How about my setup? I am really curious what you guys think of it!

Kind regards


----------



## indjo (Jun 6, 2010)

What ever breeding method you use is possible. Breeding is easy. Raising the fry is the hard part. 

You need to read more on fry food or breeding in general. Pellets aren't good for fry, even though you grind them. Make a dot with you pen; that's about the size of newly hatched bettas. So how small can you grind pellets?

Hard boiled egg yolks may work. Squeeze it through a handkerchief or something or, even better, use a small spray. But live food works best. Infusoria, Newly hatched brine shrimp, micro worm, etc. So I suggest you prepare cultures for your fry before breeding.


----------



## Kempberk (Oct 15, 2010)

indjo said:


> What ever breeding method you use is possible. Breeding is easy. Raising the fry is the hard part.
> 
> You need to read more on fry food or breeding in general. Pellets aren't good for fry, even though you grind them. Make a dot with you pen; that's about the size of newly hatched bettas. So how small can you grind pellets?
> 
> Hard boiled egg yolks may work. Squeeze it through a handkerchief or something or, even better, use a small spray. But live food works best. Infusoria, Newly hatched brine shrimp, micro worm, etc. So I suggest you prepare cultures for your fry before breeding.

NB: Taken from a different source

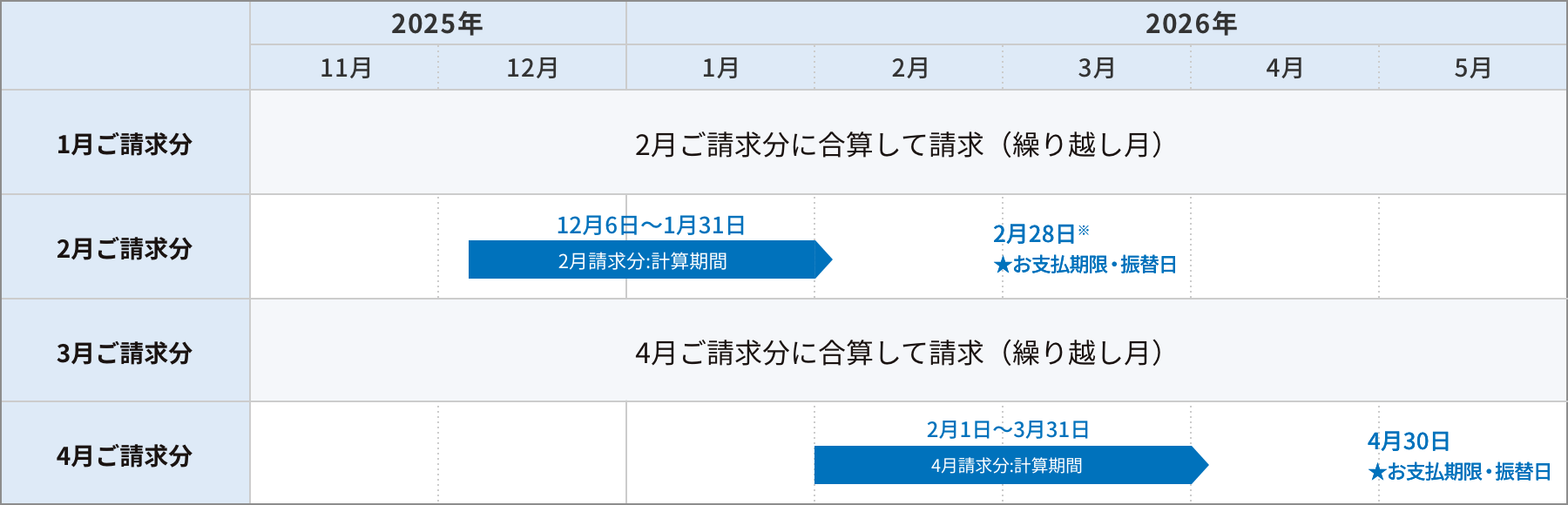 変更後 加入電話・INSネット（5日・隔月請求）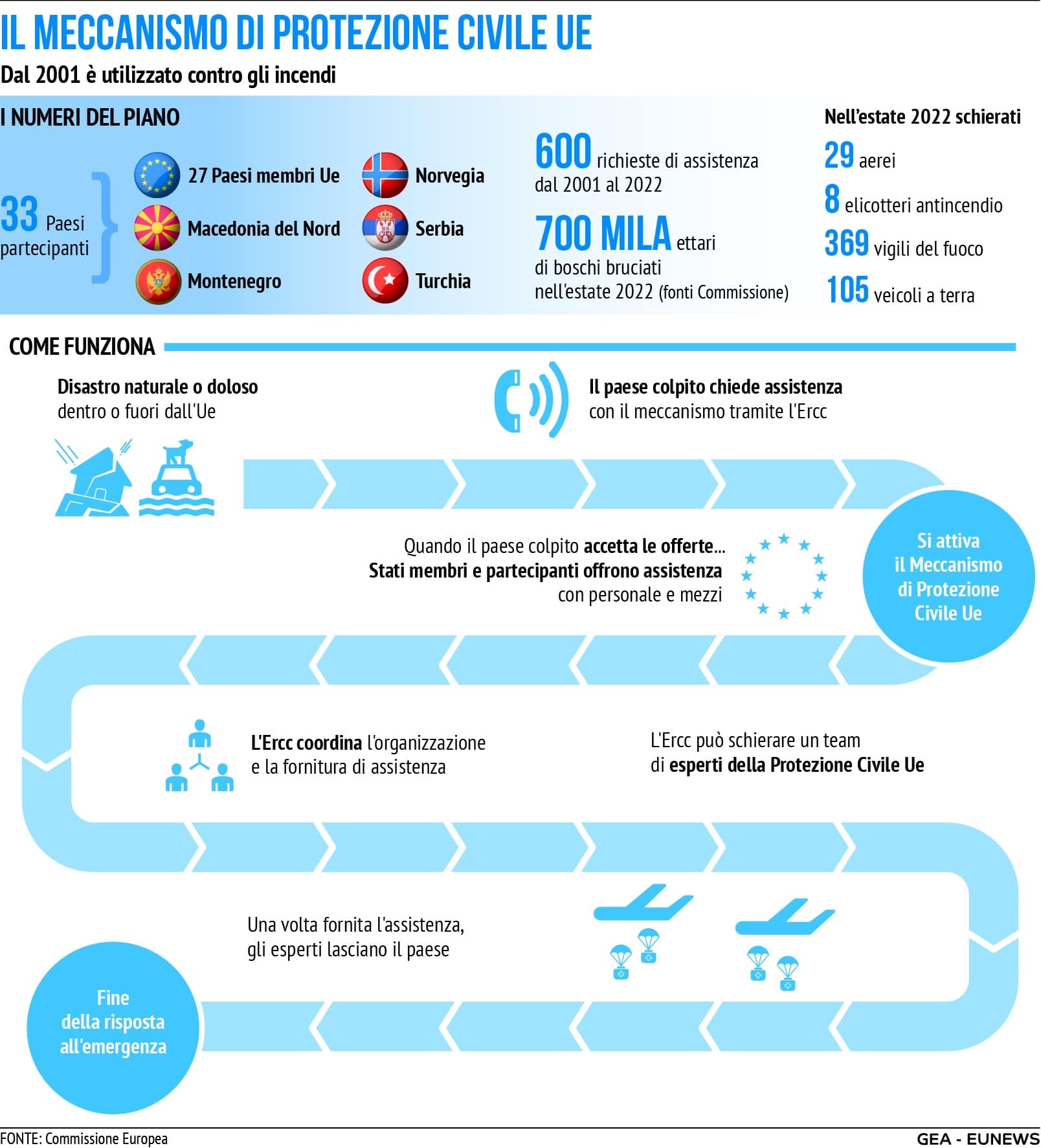 infografica incendi GEA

Thanks for your reply. I know pellets arent ideal, I just tought it would be okay if the fry runs out of infusoria. But you suggest living food like microworms, artemia etc.? (In my heart I knew those where better options...) Thanks for the egg yolk tip 

What about the rest of the plan? My greatest concern is, will the females be able to live together with their dad :-?


----------



## indjo (Jun 6, 2010)

Everyone here says you can't put a male and female together. But I always do. As long as there are more females than male .... naturally. lol. Anyway you need to know how they act if they wanted to spawn and separate them before they do... unless you don't mind eggs/fry becoming fish food for your community. The male will be aggressive at first but usually calms down after a while. If after 24 hours he doesn't calm down, separate him. I don't mean occasional flaring. I mean constant chasing and biting.


----------



## Oldfishlady (Mar 1, 2010)

Not everybody Indjo....lol......me too-I keep a male with multi females all the time, as well as multi males and females- but I never use a tank smaller than 20gal unless I am spawning-I currently have one set-up with 5 females with one male and I *don't recommend* this with just any set-up...not every set-up will work-nor will every Betta work out in this type of stocking-the more experience you have in recognizing the body language the easier it is IMO.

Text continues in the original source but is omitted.